A spingere James Stevenson fino alle isole Eolie fu proprio il commercio dello zolfo e dell’allume estratti a Vulcano e della pomice estratta nelle cave di Lipari. Un business con la madre patria molto vantaggioso. Al punto da convincere l’Inglese a comprare una vasta parte dell’isola “gialla” nel 1870, per 8.000 sterline, dagli eredi del generale borbonico Vito Nunziante “approfittando del nuovo clima politico post-garibaldino in Italia”. A raccontarlo è un pronipote, l’editore e giornalista Hew Stevenson, autore del libro “Jobs for the Boys – La storia di una famiglia nel periodo d’oro imperiale della Gran Bretagna” (2009). Tra queste pagine, il discendente ha ricostruito la storia di tutti i membri del suo enorme albero genealogico. Incluso il James Stevenson sedotto da Vulcano e detto “Croesus”, forse con riferimento a Creso, l’ultimo sovrano della Lidia che regnò dal 560 a.C. al 546 a.C., ricordato per la sua ricchezza e per la sua capacità di tramutare in oro tutto ciò che toccava. Come il più conosciuto Re Mida. E come l’Inglese.

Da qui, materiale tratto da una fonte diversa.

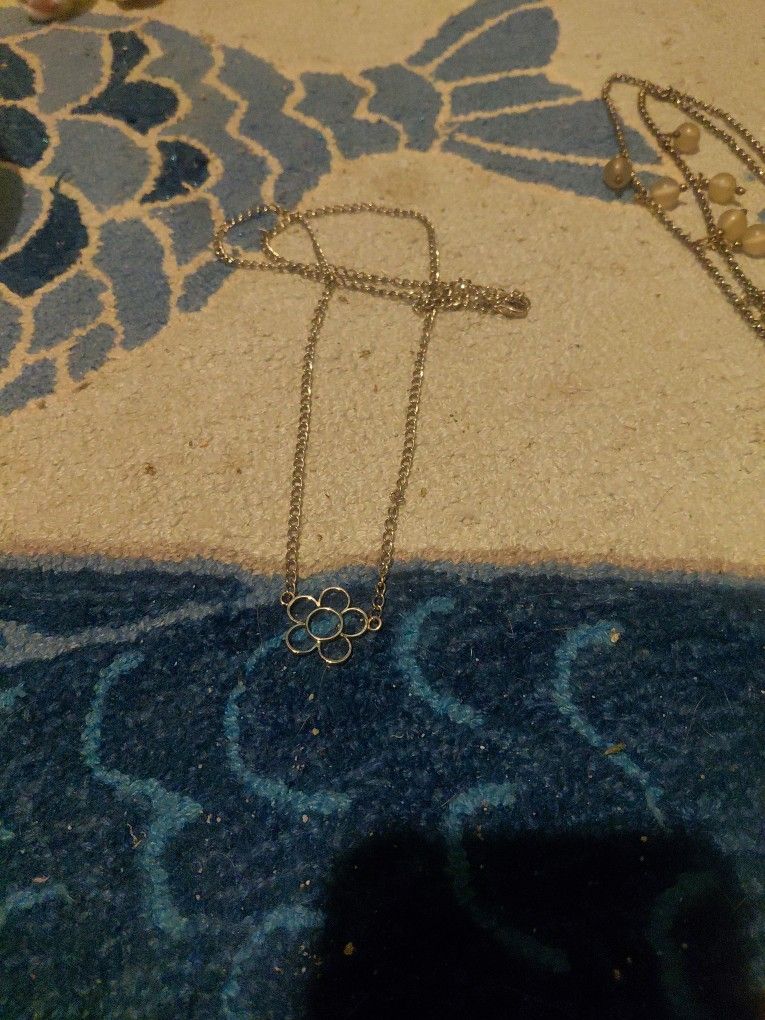 Metal Flower Charmed Necklace 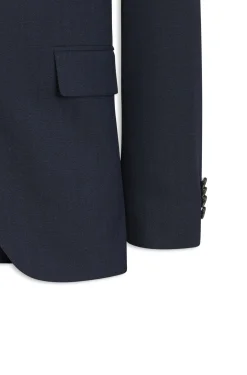 Two-piece suit in crease-resistant micro-pattern fabric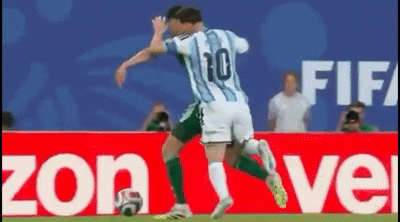 Tranh c&atilde;i Balogun của Mỹ phạm lỗi từ ph&iacute;a sau nhận thẻ đỏ rời s&acirc;n, c&ograve;n Messi l&agrave;m điều tương tự lại tho&aacute;t thẻ phạt?- Ảnh 4.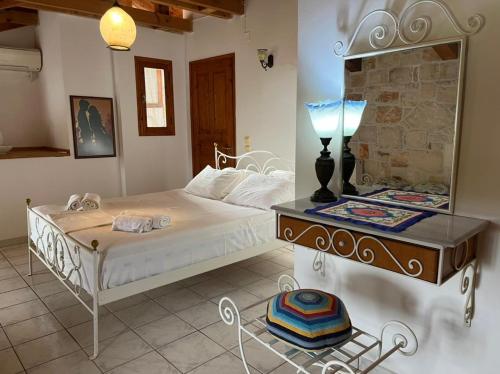 瓦西里科斯Deep Blue Villas的一间卧室配有一张床和一张带镜子的桌子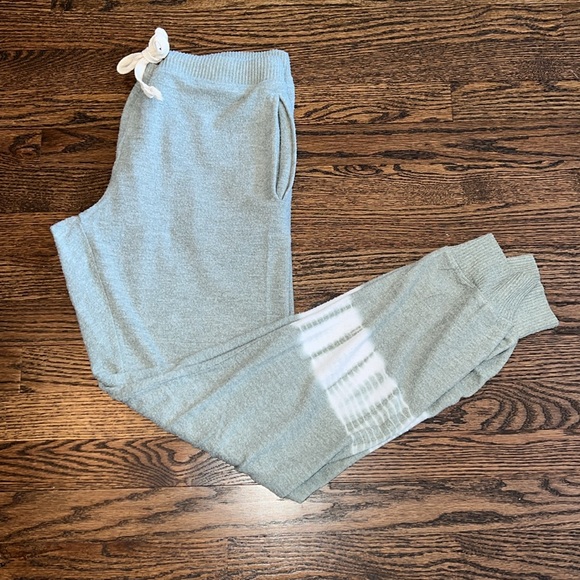 Theo & Spence Two Piece Tie Dye Jogger Set - Picture 7 of 11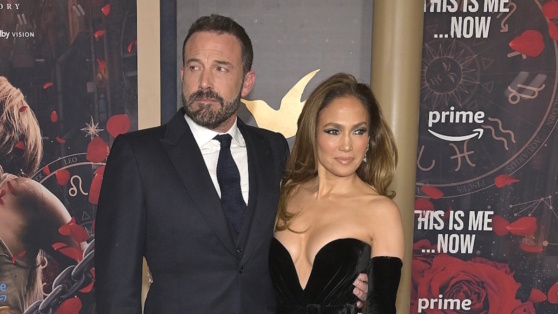    Лопес и Аффлек официально развелись Роман Захаров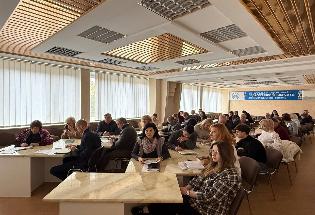 У ТНПУ обговорили діяльність Центру доуніверситетської підготовки   У ТНПУ обговорили діяльність Центру доуніверситетської підготовки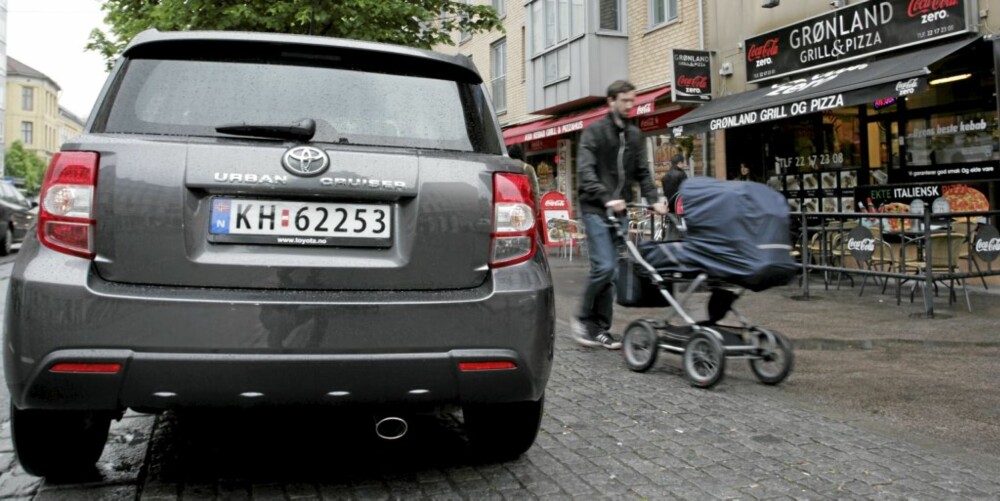 URBAN CRUISER: DET STÅR SKREVET MED EKSTRA STORE BOKSTAVER PÅ BAKLUKEN.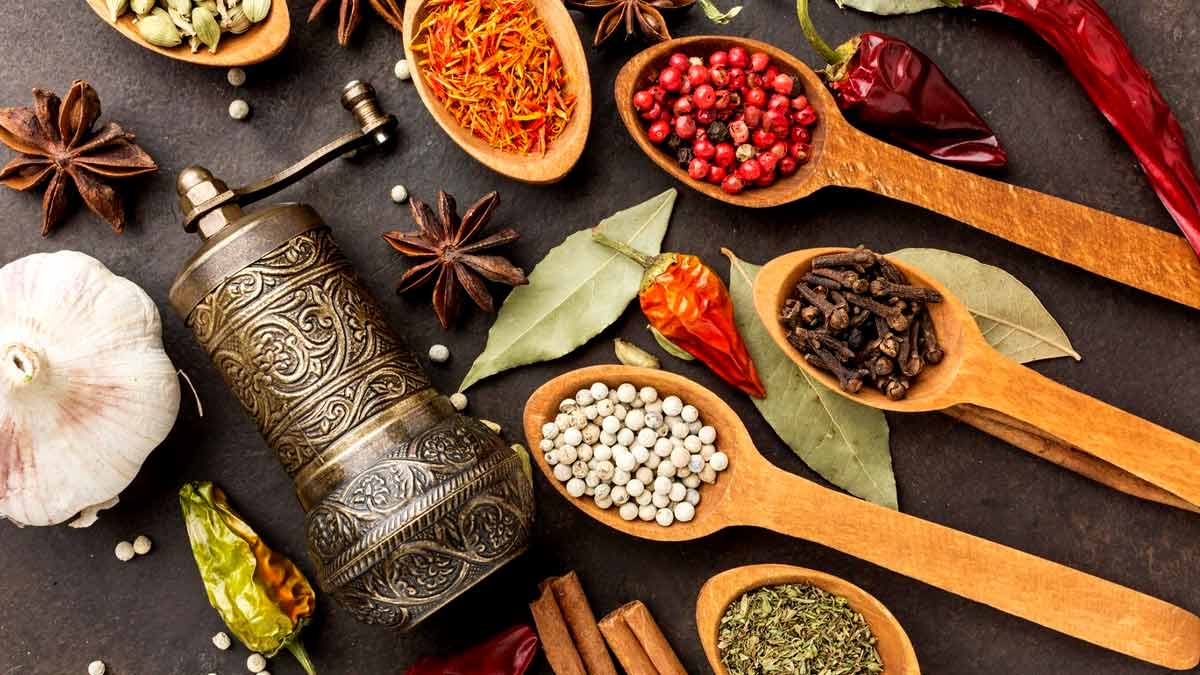 पीर‍ियड्स में स‍िर दर्द से हैं परेशान? रसोई में मौजूद इन 5 मसालों को डाइट में शामिल करके म‍िलेगा आराम
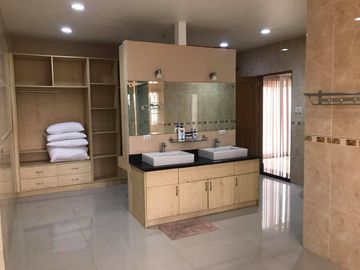 Luxury Mansion in Pulu Amsic Angeles City beside Golf course near Clark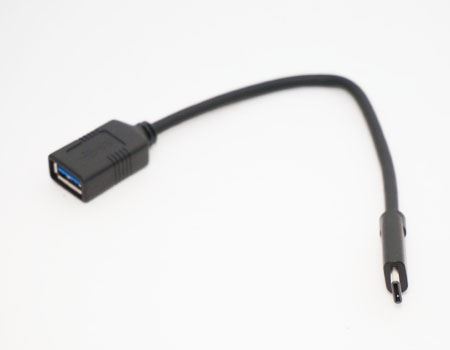 ܂A{f̓1ɁAMacBookɍ̗pĂUSB Type-C̕ϊP[uWŕtĂ邱Ƃ܂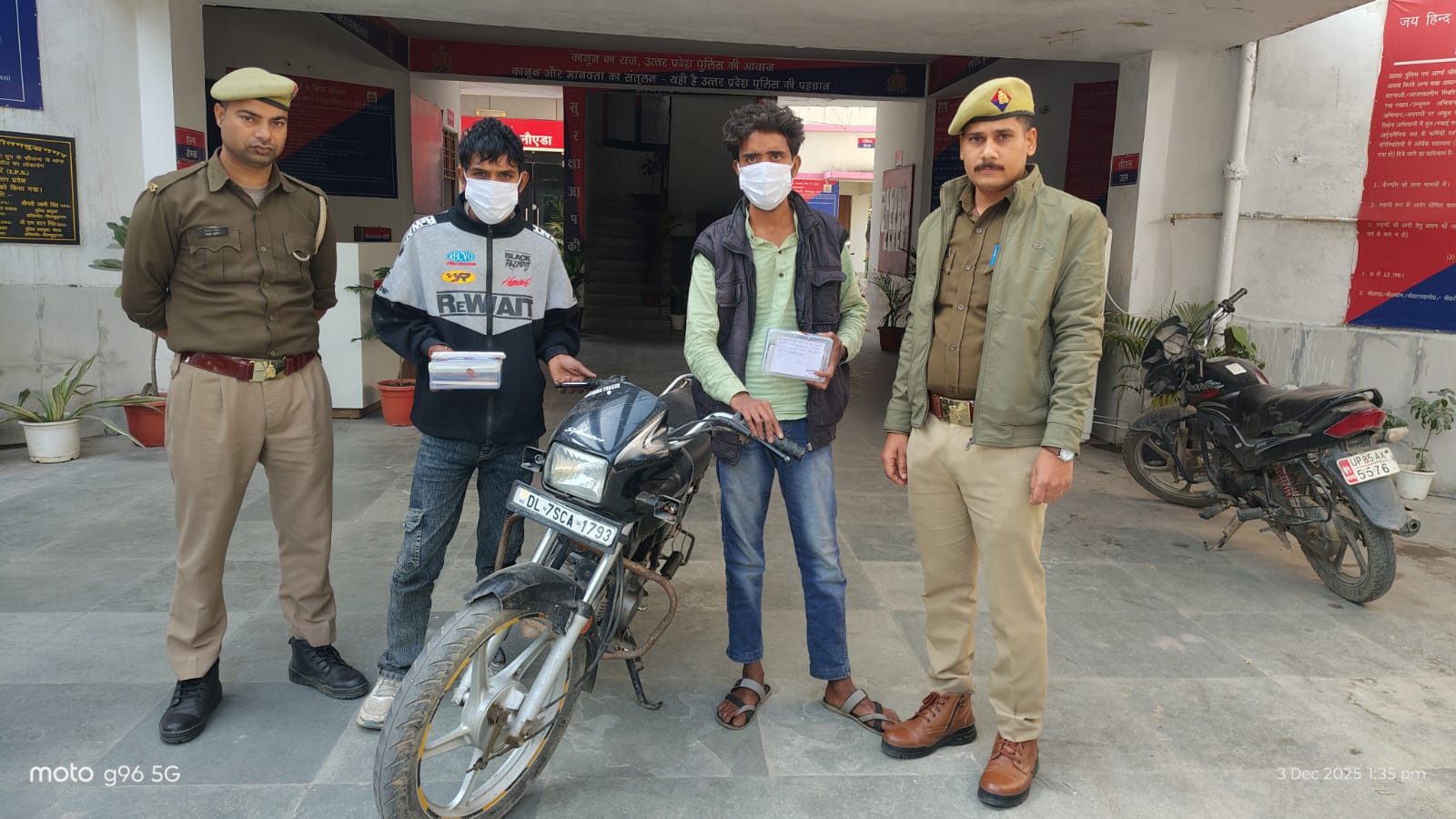 थाना सेक्टर-58, पुलिस ने मोबाइल स्नैचिंग और बाइक चोरो को किया गिरफ्तार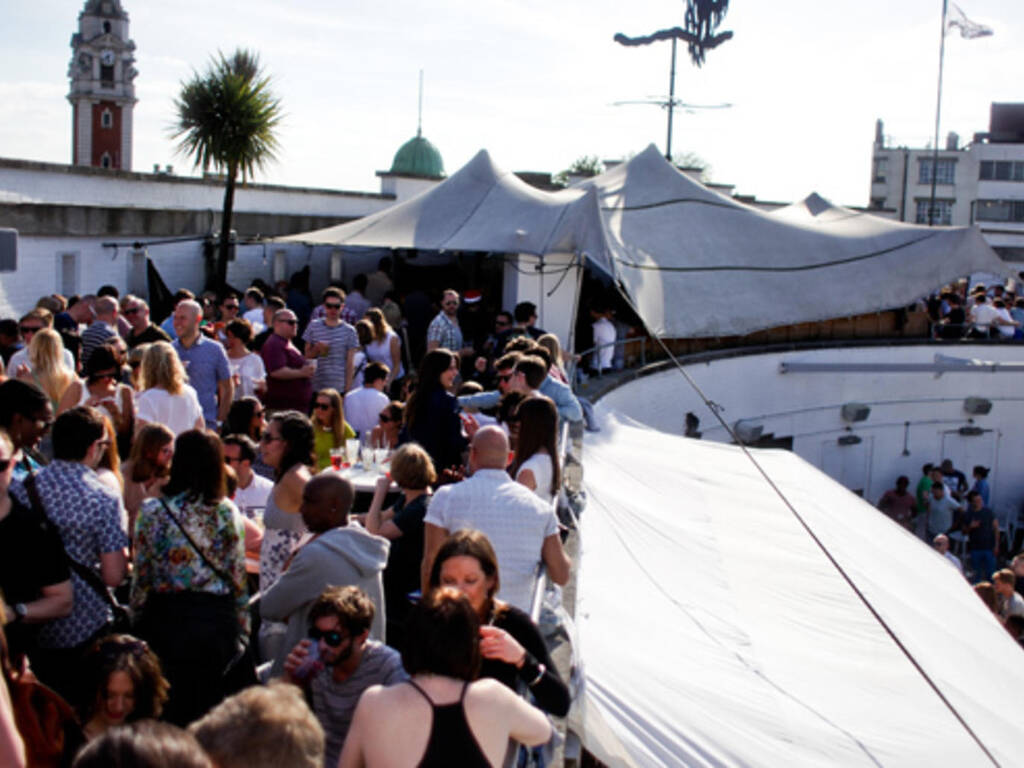 Rooftop parties in London Find a rooftop party Clubbing in London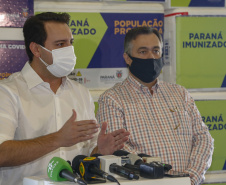 08.04.2021 - Governador Carlos Massa Ratinho Junior com Secretário da saúde Beto Preto
distribuição 12 lote de vacinas no Paraná
Foto Gilson Abreu/AEN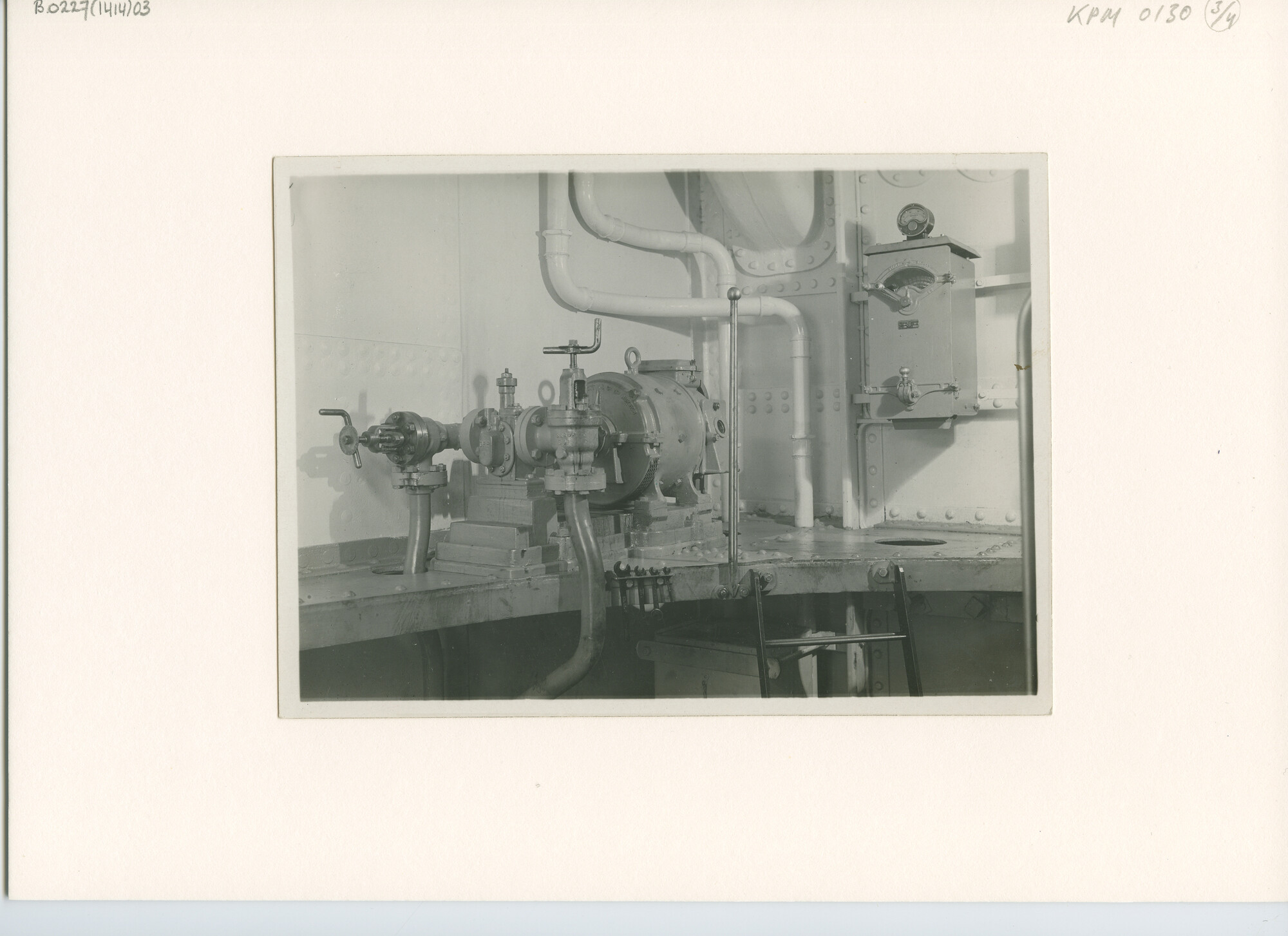 B.0227(1414)03; Interieurfoto van de machinekamer van ms. Van Heutsz ; foto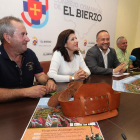 Organizadores y promotores de la primera concentración de pendones del Bierzo. ANA F. BARREDO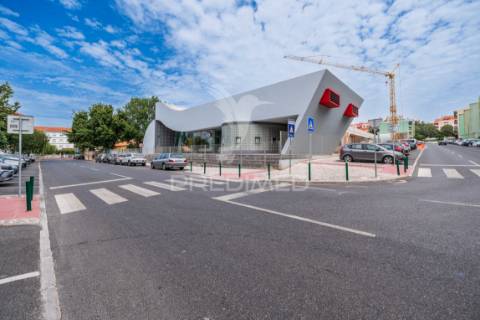 Apartamento t3 em massamá – luminosidade, conforto e localização privilegiada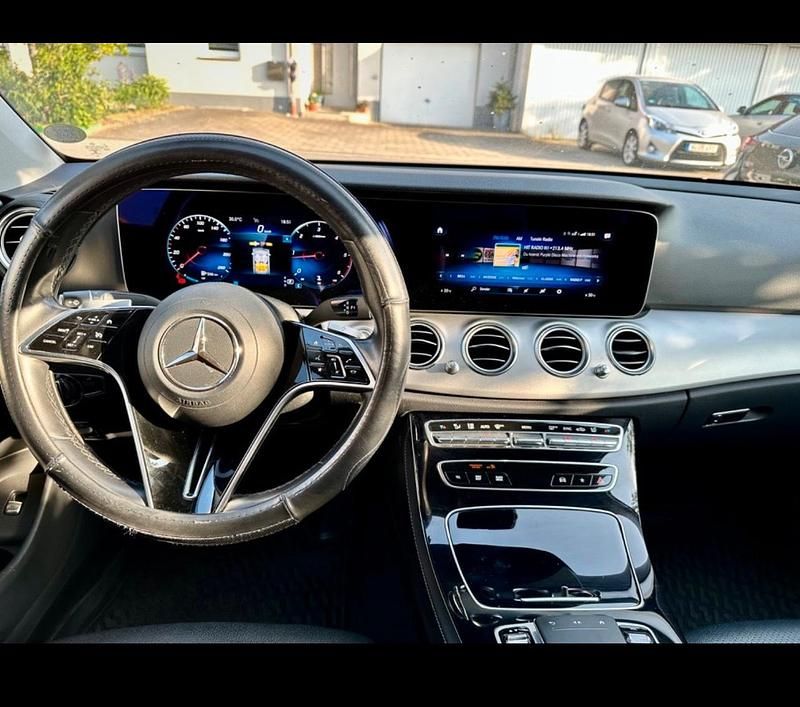 Gebraucht Mercedes E220 194 PS (142 kW) 2020 Schwarz Limousine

«Questa copia del libro» racconta Gustavo Conti mentre sfoglia il bel volume illustrato «è stata regalata a mio nipote nel 2012 da un altro discendente di James Stevenson, venuto a Vulcano proprio in cerca delle tracce dell’antenato». Che rimase molto affascinato dalle suggestioni geologiche di Vulcano, in particolare dai getti gialli di zolfo e dai fanghi che ribollivano per i gas sulfurei, con cui Croesus forse trovò anche ristoro per i propri reumatismi. Come migliaia di turisti che continuano ad approdare sull’isola per beneficiare dei suoi luoghi termali, da qualche anno purtroppo interdetti al pubblico per ragioni amministrative.
Dopo aver acquistato buona parte dell’isola, James Stevenson rilanciò le attività estrattive a suo tempo implementate a Vulcano dal generale borbonico Nunziante, e da questi affidato ai coatti delle prigioni di Lipari. Stevenson, però, “portò un’ondata di modernità, migliorò i metodi estrattivi e incrementò i commerci navali con l’Inghilterra” secondo quanto scrive il pronipote. E “tentò anche di sfruttare il calore del vulcano, riparando un motore a vapore assemblato con parti spedite da Glasgow, ma il successo iniziale del suo esperimento si interruppe presto”.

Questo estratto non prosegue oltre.